Open Babel Error in reading PDB file

Sheng-Hung Wang
The error messages are showing below:
----------------------------------------------
WARNING: Problems reading a PDB file
Problems reading a HETATM or ATOM record.
According to the PDB specification,
columns 77-78 should contain the element symbol of an atom.
----------------------------------------------

Please note that the columns 77-78 in PDB format are optional. Actually, columns 77-78 are usually missed for the hetero atoms (ligands) in PDB database. It would be more applicable to read columns 13-14 for atom name.

Shawn

___________________________________________________
 您的生活即時通 - 溝通、娛樂、生活、工作一次搞定!
 http://messenger.yahoo.com.tw/

------------------------------------------------------------------------------
Let Crystal Reports handle the reporting - Free Crystal Reports 2008 30-Day
trial. Simplify your report design, integration and deployment - and focus on
what you do best, core application coding. Discover what's new with
Crystal Reports now.  http://p.sf.net/sfu/bobj-july
_______________________________________________
OpenBabel-discuss mailing list
[hidden email]
https://lists.sourceforge.net/lists/listinfo/openbabel-discuss
Reply | Threaded
Open this post in threaded view
|

Re: Open Babel Error in reading PDB file

Andrew Dalke
On Nov 20, 2009, at 12:14 AM, Sheng-Hung Wang wrote:

> The error messages are showing below:
> ----------------------------------------------
> WARNING: Problems reading a PDB file
> Problems reading a HETATM or ATOM record.
> According to the PDB specification,
> columns 77-78 should contain the element symbol of an atom.
> ----------------------------------------------
>
> Please note that the columns 77-78 in PDB format are optional.  
> Actually, columns 77-78 are usually missed for the hetero atoms  
> (ligands) in PDB database. It would be more applicable to read  
> columns 13-14 for atom name.

This requires some history. Columns 77-78 are not optional according  
to the current spec

http://www.wwpdb.org/documentation/format32/sect9.html#ATOM
    The element symbol is always present on each ATOM record; charge  
is optional.

The change occurred with PDB format 2.0, which was in the mid-1990s.  
Before then the ATOM record ended at column 70 and those additional  
columns were ignored.

However, older records used the final columns to store line number  
and record number information. This was important for punch cards, in  
case you dropped your deck on the floor and needed to reorder them.

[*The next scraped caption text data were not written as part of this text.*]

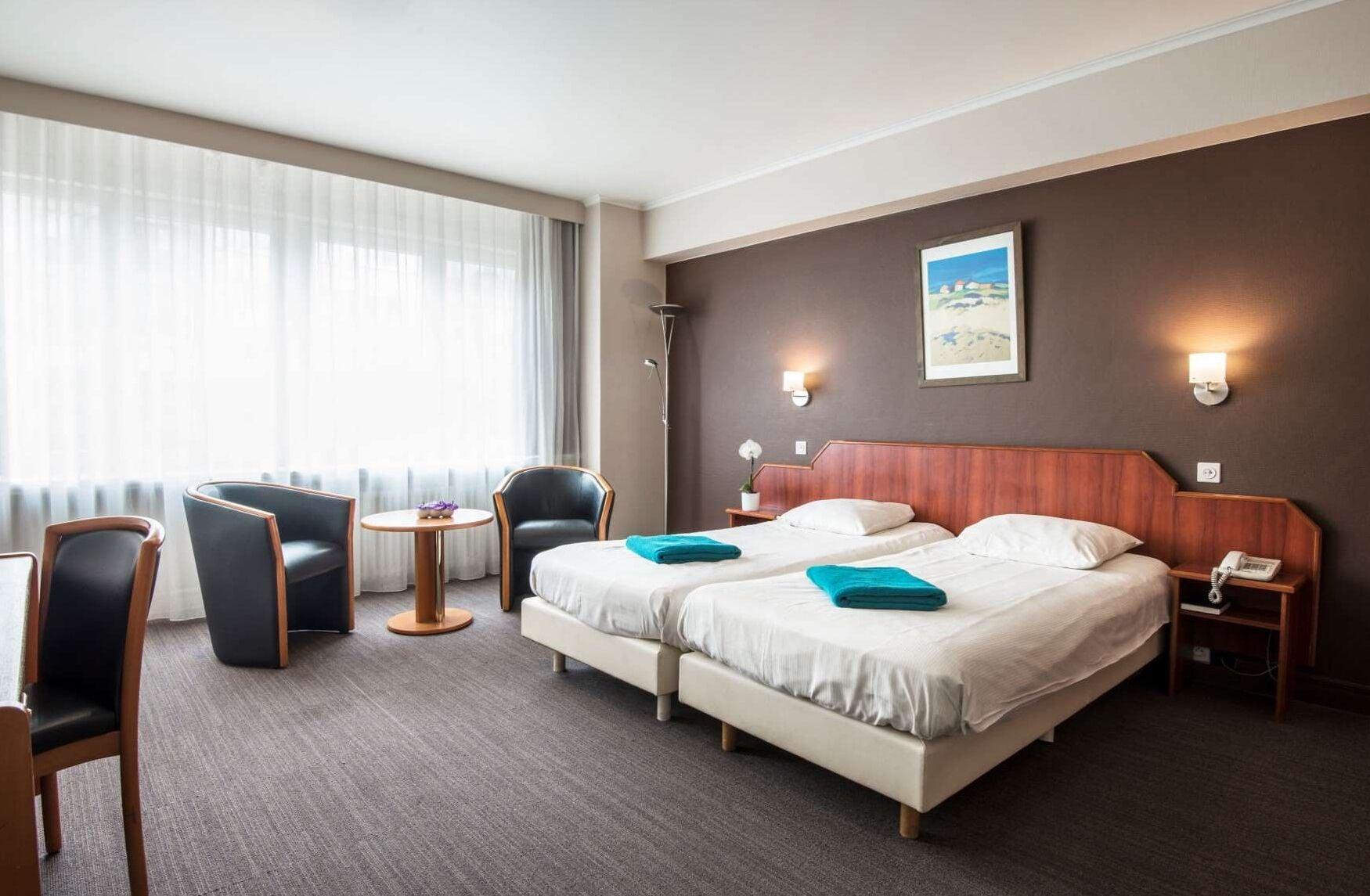 Hotel Ter Streep Ostende Kültér fotó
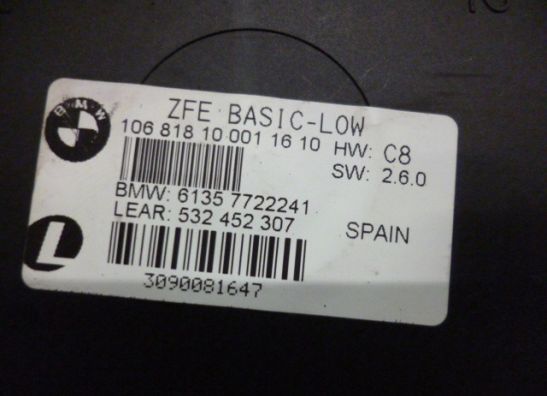 CDI ECU unit BMW F 800 GS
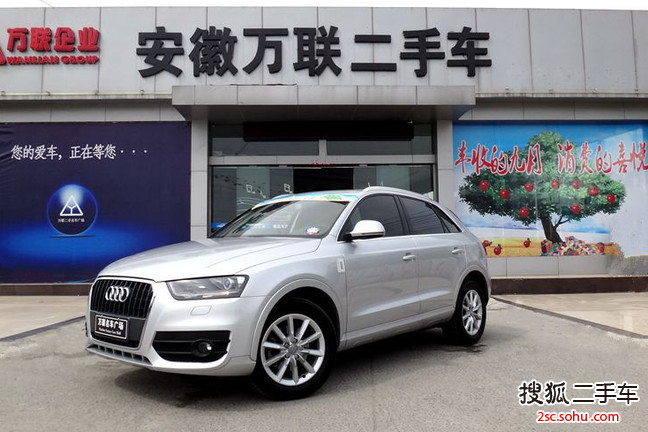 奥迪Q32013款35 TFSI 进取型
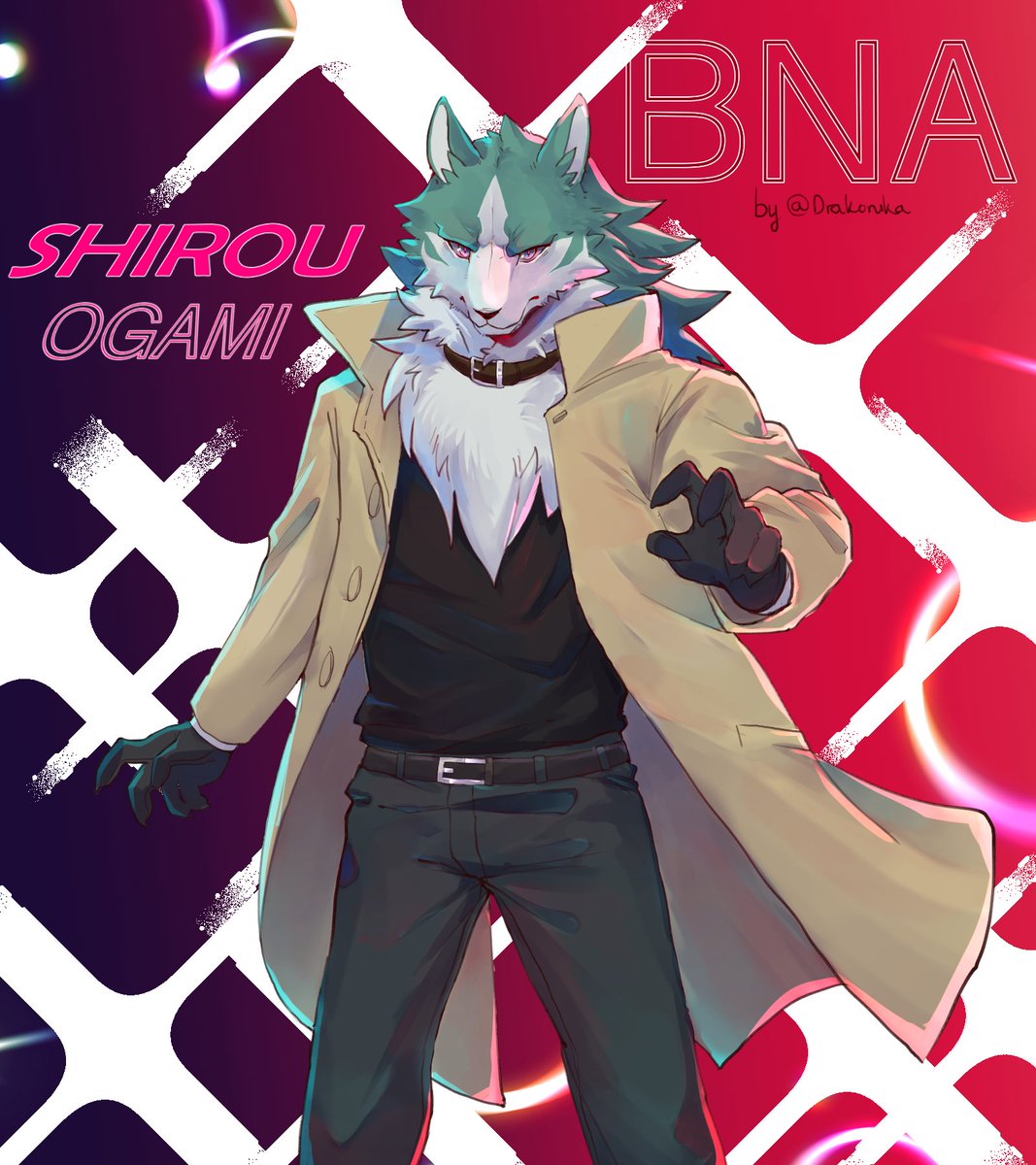 Get Drakonika On Twitter Fanart Shirou Ogami In Bna Bna Shirou HD Get Wallpaper Drakonika On Twitter Fanart Shirou Ogami In Bna Bna Shirou For Free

Here for example is a line from 1BRD with a REVDAT of 15-JAN-93.

ATOM     54  N   PRO     8      20.397 -15.569 -13.739  1.00  
20.00      1BRD 136

This also included a version number, so the '1BRDA' here

REMARK  10 THE DATA WAS COLLECTED ON 2-DIMENSIONAL CRYSTALS AND  
HENCE   1BRD  87
REMARK  10 THE C-AXIS REPEAT DOES NOT CORRESPOND TO A REAL REPEAT,  
BUT  1BRDA  2
REMARK  10 INSTEAD REFERS TO THE SAMPLING THAT IS USED TO DESCRIBE  
THE  1BRDA  3

means those lines came from the change made in 15-JUL-91. (Don't ask  
me why the line numbers restart for each version number, that is,  
going from line 87 to line 2. I have no idea.)

So some older PDB files follow a spec where that field should be  
ignored, while newer (less than about 15 years old) files follow a  
spec which *require* an element symbol in those columns.

On top of that, most programs which generate PDB files don't follow  
the PDB specification, and instead approximate it, for good reasons.  
That's okay because most PDB readers don't require strict adherence  
to the spec.


The OpenBabel code wants the element symbol to be present, which  
means it generates warnings on some PDB files generated based on the  
pre-2.0 format. Those files do exist. I have several here.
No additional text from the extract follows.